§ **TASK ITEM**
What you give back from the listing below should be an exact copy of the lines from the one with "imageArena Womens Arena" down to the one with "Beauty bag /", and it should contain no pictures.

§ **RECORDS FOR THE TASK**
********
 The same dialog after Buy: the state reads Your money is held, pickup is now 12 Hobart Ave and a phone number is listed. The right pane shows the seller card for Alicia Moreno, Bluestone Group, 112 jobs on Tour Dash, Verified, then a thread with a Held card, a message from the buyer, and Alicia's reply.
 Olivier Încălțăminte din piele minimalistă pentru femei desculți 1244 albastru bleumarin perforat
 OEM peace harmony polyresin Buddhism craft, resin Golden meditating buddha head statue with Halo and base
********
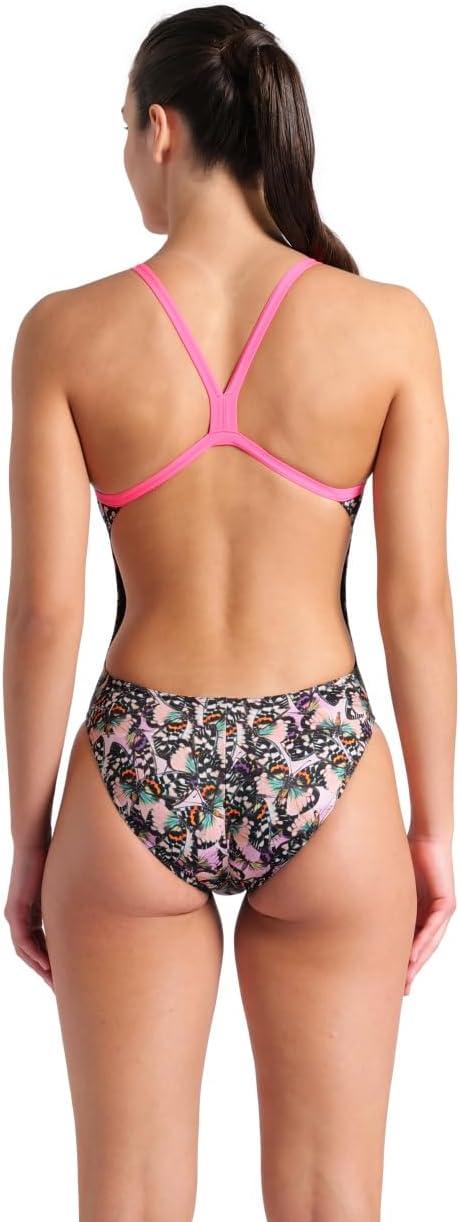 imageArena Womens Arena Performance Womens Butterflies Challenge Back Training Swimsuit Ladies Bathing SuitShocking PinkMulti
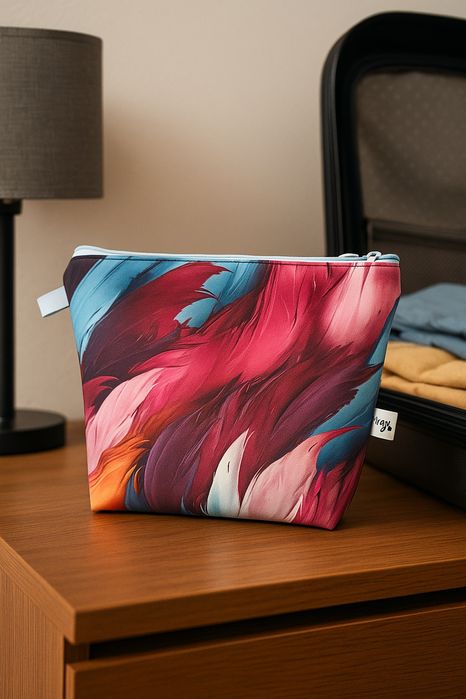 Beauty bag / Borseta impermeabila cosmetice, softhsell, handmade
********
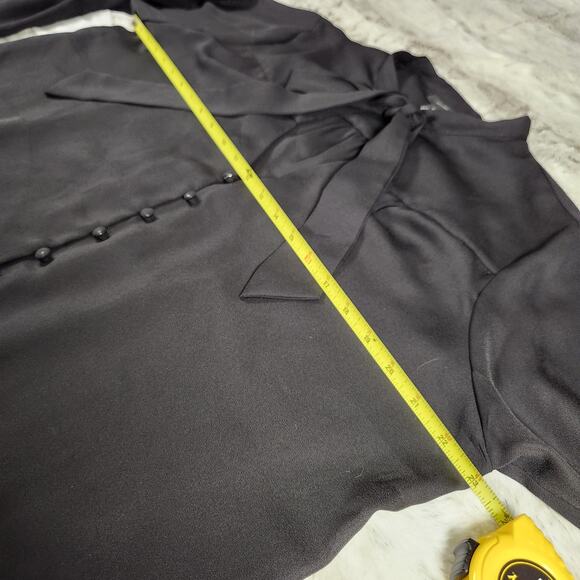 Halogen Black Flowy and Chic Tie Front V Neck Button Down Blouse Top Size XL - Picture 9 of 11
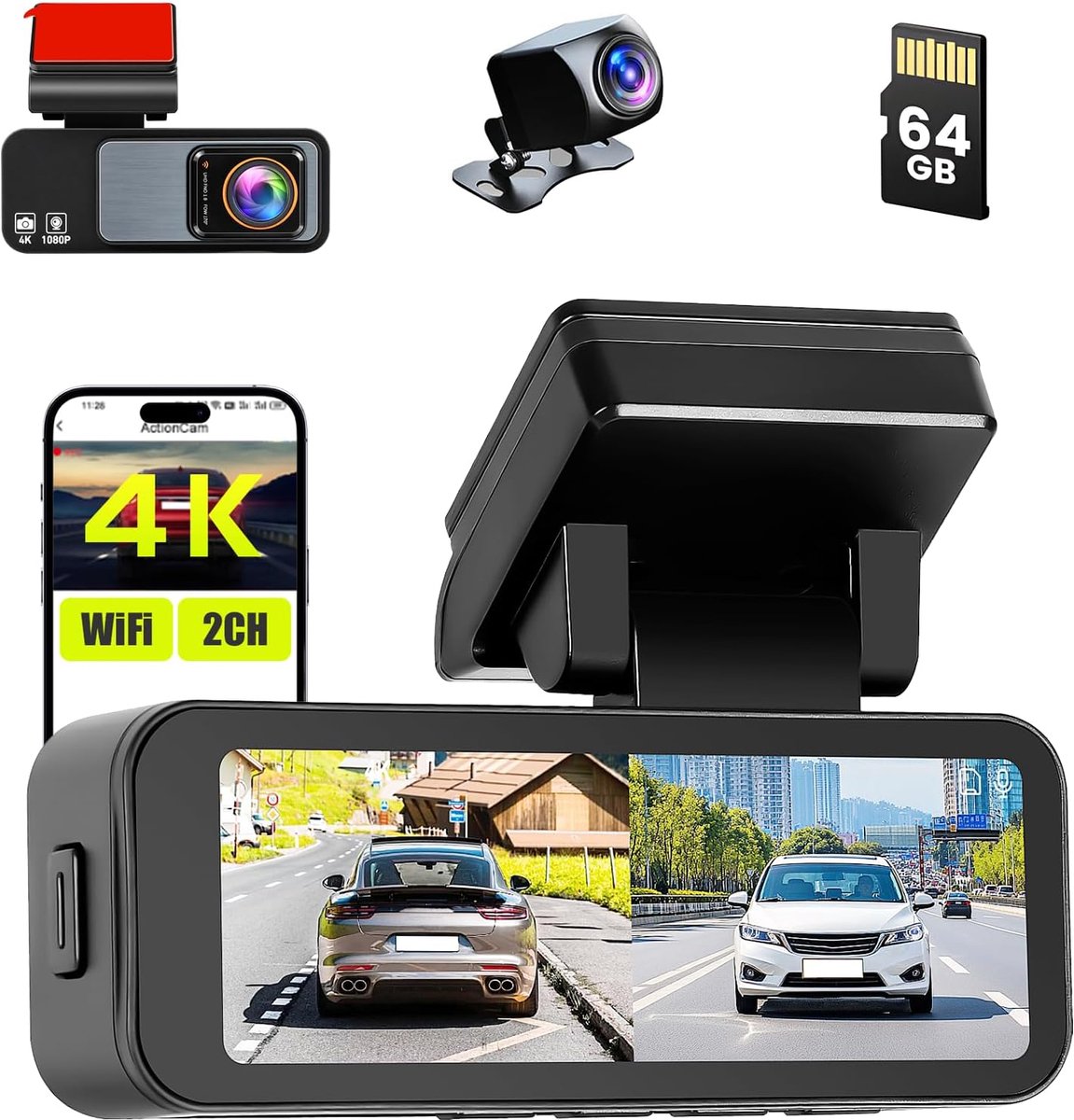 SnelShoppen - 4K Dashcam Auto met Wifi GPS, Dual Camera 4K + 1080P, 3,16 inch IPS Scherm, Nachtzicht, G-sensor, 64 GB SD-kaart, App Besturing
********
§ **TASK RESPONSE**
 imageArena Womens Arena Performance Womens Butterflies Challenge Back Training Swimsuit Ladies Bathing SuitShocking PinkMulti
 Beauty bag / Borseta impermeabila cosmetice, softhsell, handmade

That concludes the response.